Yes, he eats his treats just fine. And he used to eat his 3 meals a day just fine. But around the time I got the Innova and had to feed him more (5.5cups a day) he started to not eat all his food at once. He would eat some, and I'd leave it out until he finally finished it. But he wouldn't finish it until a couple hours later. 

Now I have only about 1 more can of wet food to mix into his bowl and I am trying to not have to mix in food to get him to eat. I have no problem mixing water into his food, but not sure if I should do that yet.

BTW, he still hasn't eaten (4:35PM right now)


----------



## jakeandrenee (Apr 30, 2010)

Like I said, 5.5 cups of food PLUS treats is way too much food.

Jake gets 3 cups if I give him 4/6 oz RAW or if we have done a lot of training. If no Raw and really had a lot of activity (swimming and serious hard play) I give him 4 cups. He is just over 6 months and almost 70 pounds.

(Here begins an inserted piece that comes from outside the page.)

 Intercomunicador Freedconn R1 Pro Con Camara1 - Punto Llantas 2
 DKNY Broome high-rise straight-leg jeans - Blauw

Is his poop normal? Has everything been ruled out at vet?


----------



## jakeandrenee (Apr 30, 2010)

I should say also that if he doesn't eat with in 15 min take his food away, if he knows the food is going to sit there all day he also has no incentive to eat. He will not starve himself.


----------



## KAE (Jun 21, 2010)

Poops are normal. And the vet said he is healthy. So, I think he hasn't gotten to the point of being that hungry. Like mentioned earlier, I don't think he has ever been 'hungry'.


----------



## KAE (Jun 21, 2010)

He finally ate all his food... at 8PM... So only two cups for this day. I'm not sure if I should wait till morning to feed him again or should I try to feed him again tonight, then again in the morning.

Any suggestions??


----------



## jakeandrenee (Apr 30, 2010)

No, I wouldn't feed him again tonight. I would offer him food about 8am tomorrow. Like others and I have said, it's too much food. Why would you want to try to make him eat AGAIN? If he doesn't eat his food in the morning I wouldn't offer him anything until tomorrow night.


----------



## jakeandrenee (Apr 30, 2010)

Also I just reread your first post and I think you shouldn't be so concerned with how much the label says to feed, it is best to keep your puppy lean....and not over feed. Because the label suggests 5 cups doesn't mean that's what he has to eat, it's just a guideline. Go by how your puppy looks and his activity level. 5 cups of food plus treats is way too much. Maybe your puppy is trying to tell you that by not eating all his food.


----------



## Zoeys mom (Jan 23, 2010)

If he eats enthusiastically when you add some wet food and your not opposed go for it. My lab won't eat without 1 tablespoon of wet and some warm water added and since Zoe the GSD will eat anything I cave to avoid her eating his food. She eats her's plain no issue so it makes feeding fast and easy here


----------



## jakeandrenee (Apr 30, 2010)

The OP was saying the puppy won't eat it all, like the OP stated he has never been 'hungry'.


----------



## doggiedad (Dec 2, 2007)

maybe your pup doesn't like what 
you're feeding. i had to switch
brands several times for my pup.
i wouldn't force my pup to eat something he doesn't like.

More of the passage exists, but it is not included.